Truth is a relative term. When it comes to children, there’s my truth, your truth, and then there’s “age appropriate information.” Children don’t have the emotional road time to understand the complexity of adult relationships or adult decision-making. Asking children to ferret through our adult experience, to try and understand the facts or my truth, is asking them to gulp an ocean wave. There’s no way to grasp understanding or an honest balanced view without choking.
When we openly criticize or blame a parent for the changes in the family, children are left to figure out how to love both parents in the face of conflicting information: “I love you, but my mom/dad says you’re a bad person.”
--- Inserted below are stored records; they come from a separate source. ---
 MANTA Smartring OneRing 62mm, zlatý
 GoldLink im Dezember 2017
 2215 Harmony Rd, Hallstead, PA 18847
Someone must be wrong. And, kids are left to figure things out on their own — often alone. While parents continue to battle, comment, yell, and accuse. Small issues become monumental; little infractions become federal cases. Grains of truth about some aspect of one parent become a mountain of evidence of their failure/inadequacy/or deceitfulness – children are left in a landslide of emotion and negativity volleyed back and forth between parents that they have no way to sort through and make sense of.
Parents get lost in escalating adult conflict. Kids suffer.
Remember that children have growing and developing hearts that include a special place for each of their parents. Parents aren’t perfect, but they’re important. For your children’s sake, remember that they love that person you’re upset with, talking about, wanting to hurt … because you’re hurting. Protect their hearts and provide them with guidance they can use to grow strong with:
“Your mom and I/your dad and I did the best we could, but we couldn’t figure out how to love each other like a husband and wife needs to love each other to stay married; that’s why we’re getting a divorce.”
That’s all kids need to know for now. They have lots of years in front of them to learn about love, relationship, family, and adult experiences. For now, protect their growing hearts.